Why cellular agriculture could be the future of farming

he glass of froth-topped coffee being offered by Perumal Gandhi looks like any other latte you might enjoy during a morning stop at a café. Except, the milk in this cup did not come from a cow – it was produced by fungi.

Gandhi and his fellow bioengineer Ryan Pandya, who are the co-founders of a start-up called Perfect Day, equip fungi with gene sequences used by cows to produce certain milk proteins, such as whey protein. Rather than taking DNA from a cow, they use already-decoded genes for the milk proteins, and insert those genes into fungi. In a fermentation process, the fungi then produce the proteins. The resulting product can be used to create a liquid with similar properties to animal milk, or to make animal-free ice creams or cream cheeses.  

It is one of a growing number of attempts to find alternative ways of producing food without using animals – known as cellular agriculture. The idea is to produce meat, milk or other animal products without needing to rear, slaughter and butcher livestock. Growing food this way could be kinder to the planet, too.

Livestock alone makes up around 14.5% of global greenhouse gas emissions. The food industry as a whole accounts for a third of our carbon emissions. Putting food into the mouths of billions of people every day is a monumental task and one that is likely to get even greater as human populations increase. From deforestation to transport, waste management to food storage, each step of the food chain brings with it a high carbon footprint.

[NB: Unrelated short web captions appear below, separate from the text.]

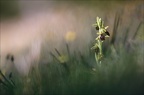 Ophrys occidentalis 14-04-19 09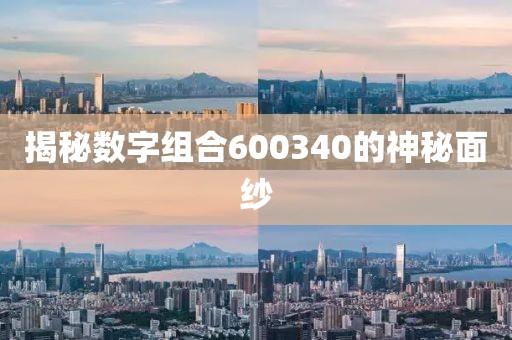 揭秘數(shù)字組合600340的神秘面紗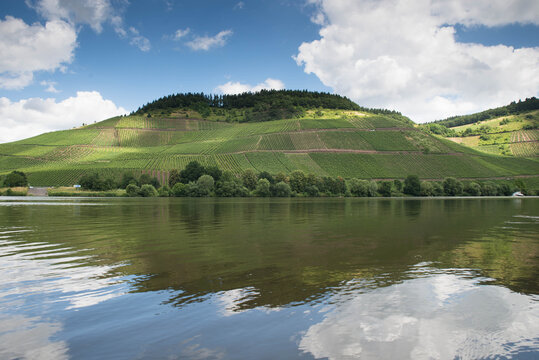 Landscape with the river Moselle and the vineyards close to Trier, rhine land palatine in Germany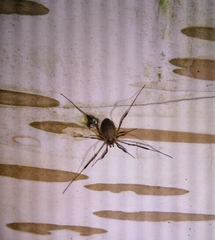 Oligolophinae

If the world is to meet the ambition of reaching net zero carbon emissions by the middle of the century as outlined in the Paris Agreement on climate change, the food industry is going to have to play its part. How might the food we eat change as 2050 draws near?

Gandhi and Pandya, who are based in Berkley, California, hope they might be part of the solution. Other scientists around the world are similarly hoping to produce foods that imitate meat and dairy in the laboratory.